Now that I have some free time, here is a glimpse into our weekend trip to Lake Titicaca

After the whole ordeal last Friday, it was nice to get away for a bit. A bunch of the girls from our volunteer house booked a weekend trip to the world’s highest lake in the world, Lake Titicaca, which divides Bolivia and Peru.

At 9:30pm, 8 of us boarded a night bus to Puno, Peru, the starting point of our adventure. We arrived in Puno at 4am and took a taxi to our hotel for a quick nap and hot shower. After breakfast, our guide picked us up and drove us to the dock where we met our captain and island guide. Our first stop was the Uros islands.

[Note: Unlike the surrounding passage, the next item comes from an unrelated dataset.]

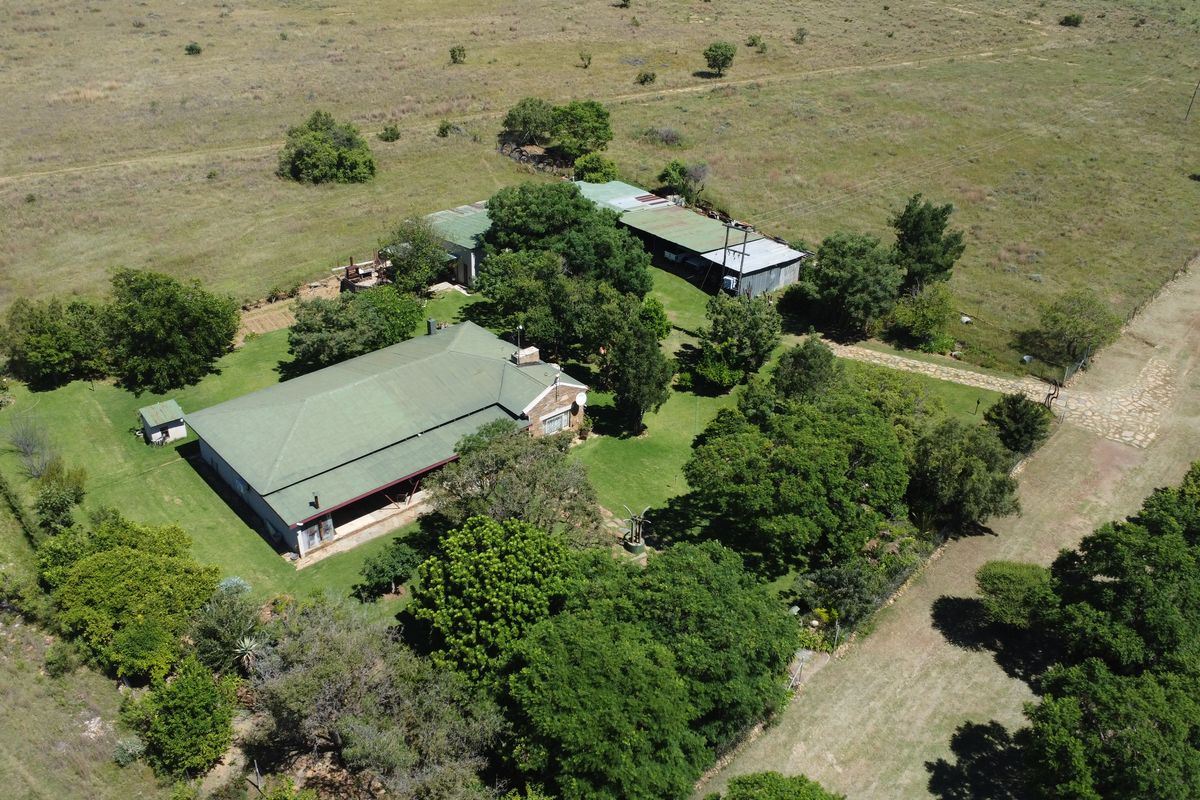 Exceptional 128-Hectare Grazing Farm with Strong Water Infrastructure and Spacious Homestead - Photo 5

The Uros islands are famous for their construction. They are completely artificial, man-made from reed, a natural fibre. The Uru people made these islands as a security precaution against rivals. The Uru even developed an anchor system so that the islands wouldn’t float all the way to Bolivia.

The Uru people continue to live on the reed islands, but some of them have the luxury of solar panels. Walking on the islands is a strange feeling. It’s very bouncy and squishy. You could easily imagine your foot going right through and hitting the water. We had the opportunity to take a short ride on one of the reed boats. Today, they build the boats with recycled plastic bottles to help them stay afloat – – way to go recycling!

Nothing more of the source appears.